TASK GOAL. Give back every record exactly.

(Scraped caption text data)
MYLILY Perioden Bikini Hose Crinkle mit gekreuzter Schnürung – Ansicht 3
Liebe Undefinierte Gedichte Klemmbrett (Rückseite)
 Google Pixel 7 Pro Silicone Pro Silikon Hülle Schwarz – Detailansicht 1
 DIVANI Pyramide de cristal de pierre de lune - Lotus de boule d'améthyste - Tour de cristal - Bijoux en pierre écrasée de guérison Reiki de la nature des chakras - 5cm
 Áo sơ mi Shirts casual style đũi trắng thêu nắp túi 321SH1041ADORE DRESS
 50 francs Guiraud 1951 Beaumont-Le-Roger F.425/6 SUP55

REPLY TO THE EXERCISE.
MYLILY Perioden Bikini Hose Crinkle mit gekreuzter Schnürung – Ansicht 3
Liebe Undefinierte Gedichte Klemmbrett (Rückseite)
 Google Pixel 7 Pro Silicone Pro Silikon Hülle Schwarz – Detailansicht 1
 DIVANI Pyramide de cristal de pierre de lune - Lotus de boule d'améthyste - Tour de cristal - Bijoux en pierre écrasée de guérison Reiki de la nature des chakras - 5cm
 Áo sơ mi Shirts casual style đũi trắng thêu nắp túi 321SH1041ADORE DRESS
 50 francs Guiraud 1951 Beaumont-Le-Roger F.425/6 SUP55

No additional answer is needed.